• What you should do
When you copy the data, keep every word exactly as it is and leave the pictures out.

• Recorded information
-------------------------
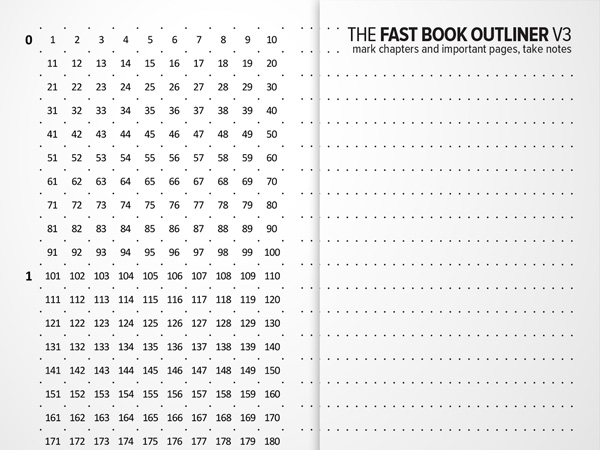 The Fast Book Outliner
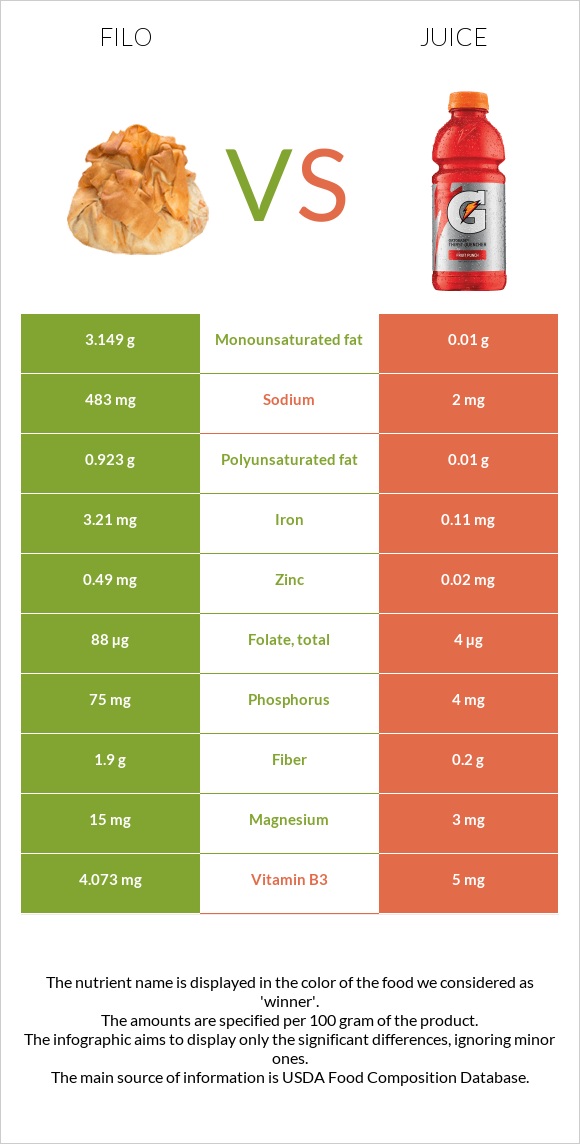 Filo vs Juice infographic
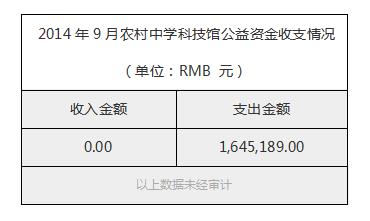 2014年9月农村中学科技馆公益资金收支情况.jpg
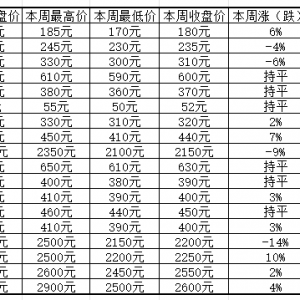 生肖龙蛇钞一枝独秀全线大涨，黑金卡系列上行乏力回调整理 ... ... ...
-------------------------
• Result of this task
 The Fast Book Outliner
 Filo vs Juice infographic
 2014年9月农村中学科技馆公益资金收支情况.jpg
 生肖龙蛇钞一枝独秀全线大涨，黑金卡系列上行乏力回调整理 ... ... ...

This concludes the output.